I read this whole article with my jaw hanging open. Just an incredible condensation of the problem of police nationwide, condensed into one little nightmare.

I do wish the New York Times had pushed back more against the police chief’s framing. At the beginning of the article, they paraphrase him:

His argument: Crime is exploding, the city is growing, the tax base is tight.

Only right near the end of the article do we get anything resembling context, which suggests something much closer to a flat line:

All the while, gang violence has been a growing issue. The city has seen three homicides so far this year — the same number as last year — and all were gang-related, Mr. Williams said. In October, after a series of shootings, including a drive-by in nearby Delano, several McFarland school sporting events were canceled.

That’s sad, especially for the actual people impacted. But is the line really going up, as suggested at the beginning of the article? Are more cops really going to resolve this? The article doesn’t investigate these foundational premises of its reporting.

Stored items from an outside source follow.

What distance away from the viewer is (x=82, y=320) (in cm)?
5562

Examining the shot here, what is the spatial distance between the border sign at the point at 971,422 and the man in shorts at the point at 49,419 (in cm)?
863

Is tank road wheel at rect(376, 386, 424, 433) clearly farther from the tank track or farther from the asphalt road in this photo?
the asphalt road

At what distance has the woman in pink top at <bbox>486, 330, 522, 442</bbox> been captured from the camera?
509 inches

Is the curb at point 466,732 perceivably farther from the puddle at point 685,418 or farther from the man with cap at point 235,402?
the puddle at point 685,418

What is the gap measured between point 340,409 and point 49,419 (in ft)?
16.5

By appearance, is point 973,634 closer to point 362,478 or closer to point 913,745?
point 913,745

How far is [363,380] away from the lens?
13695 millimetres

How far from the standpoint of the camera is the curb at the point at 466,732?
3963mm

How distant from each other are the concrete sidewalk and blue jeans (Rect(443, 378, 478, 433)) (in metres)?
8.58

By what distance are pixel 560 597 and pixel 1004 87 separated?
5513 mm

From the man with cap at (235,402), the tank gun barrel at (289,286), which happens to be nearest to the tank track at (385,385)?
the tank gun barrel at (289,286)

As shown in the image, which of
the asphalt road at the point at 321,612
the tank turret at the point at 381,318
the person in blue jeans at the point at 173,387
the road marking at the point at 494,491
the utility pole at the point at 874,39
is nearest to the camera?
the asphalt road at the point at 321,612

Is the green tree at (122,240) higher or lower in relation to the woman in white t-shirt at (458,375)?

Even without some necessary context, the story is wild. It reminds me of the bizarre practice of “asset foreiture,” where police have free reign to claim the possessions of people arrested for certain crimes—regardless of whether or not they are eventually convicted.

The cops want that big, airy library. Why not take it? Why spare a thought for the kids studying in it after school, waiting for their farmworker parents? If anything, they’re just going to become criminals. Right?